Tuesday 18 September 2012

Recapitulation

Dear Diary,

I cannot say how much I enjoyed studying my last module. Doing revision with Jane helping out, has made me realise how much I relished the course. {Especially the first book Approaches.}

The legacy of Lewis Henry Morgan in Ancient Society (1877) namely his law of Recapitulation, has had a little-known but long-lasting impact on a whole generation! But how? Because, for turn-based strategy game freaks, Lewis Henry Morgan's theory of Recapitulation has been adhered to, and revived, by many computer game makers in recent history.
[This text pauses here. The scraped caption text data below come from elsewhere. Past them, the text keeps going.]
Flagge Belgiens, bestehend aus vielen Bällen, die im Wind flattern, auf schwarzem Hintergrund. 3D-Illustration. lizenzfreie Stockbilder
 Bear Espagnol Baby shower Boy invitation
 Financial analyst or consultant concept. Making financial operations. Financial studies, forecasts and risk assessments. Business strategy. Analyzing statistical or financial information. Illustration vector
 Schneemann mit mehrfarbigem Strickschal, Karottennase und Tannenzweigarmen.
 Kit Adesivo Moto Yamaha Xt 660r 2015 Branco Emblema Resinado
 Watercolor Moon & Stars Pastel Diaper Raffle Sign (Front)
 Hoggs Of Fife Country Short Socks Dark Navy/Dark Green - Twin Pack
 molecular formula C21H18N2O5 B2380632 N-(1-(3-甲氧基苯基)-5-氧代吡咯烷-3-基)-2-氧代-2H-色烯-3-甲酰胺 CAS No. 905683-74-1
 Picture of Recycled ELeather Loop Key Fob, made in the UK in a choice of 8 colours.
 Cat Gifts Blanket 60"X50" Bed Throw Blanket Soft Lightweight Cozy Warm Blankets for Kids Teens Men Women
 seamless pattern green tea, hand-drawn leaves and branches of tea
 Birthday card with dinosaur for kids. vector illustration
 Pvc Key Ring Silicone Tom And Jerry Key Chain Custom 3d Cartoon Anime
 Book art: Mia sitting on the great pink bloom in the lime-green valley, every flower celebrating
This outdated mode of catagorisation has several 'culprits'. The most well-known 'offender' is Sid Meir in his series of Civilization turn-based strategy games. Other proponents of Morgan's theory are Microsoft's Age of Empires and Age of Kings. [Note: A.o.E. is a R.T.S. game, not T.B.] Both Civ' and "Ages" (and ages and ages) of Empires, have essentially a colonial outlook, over a century out of date!

The American anthropologist Lewis Henry Morgan's theory of Recapitulation espouses a grading system going from 'Savagery', 'Barbarism', to 'Civilization'. The tiers are based on technological advances, which define whether cultures are of the 'lower status of savagery' or 'upper status of civilization' (or anywhere in between, i.e. 'barbarism').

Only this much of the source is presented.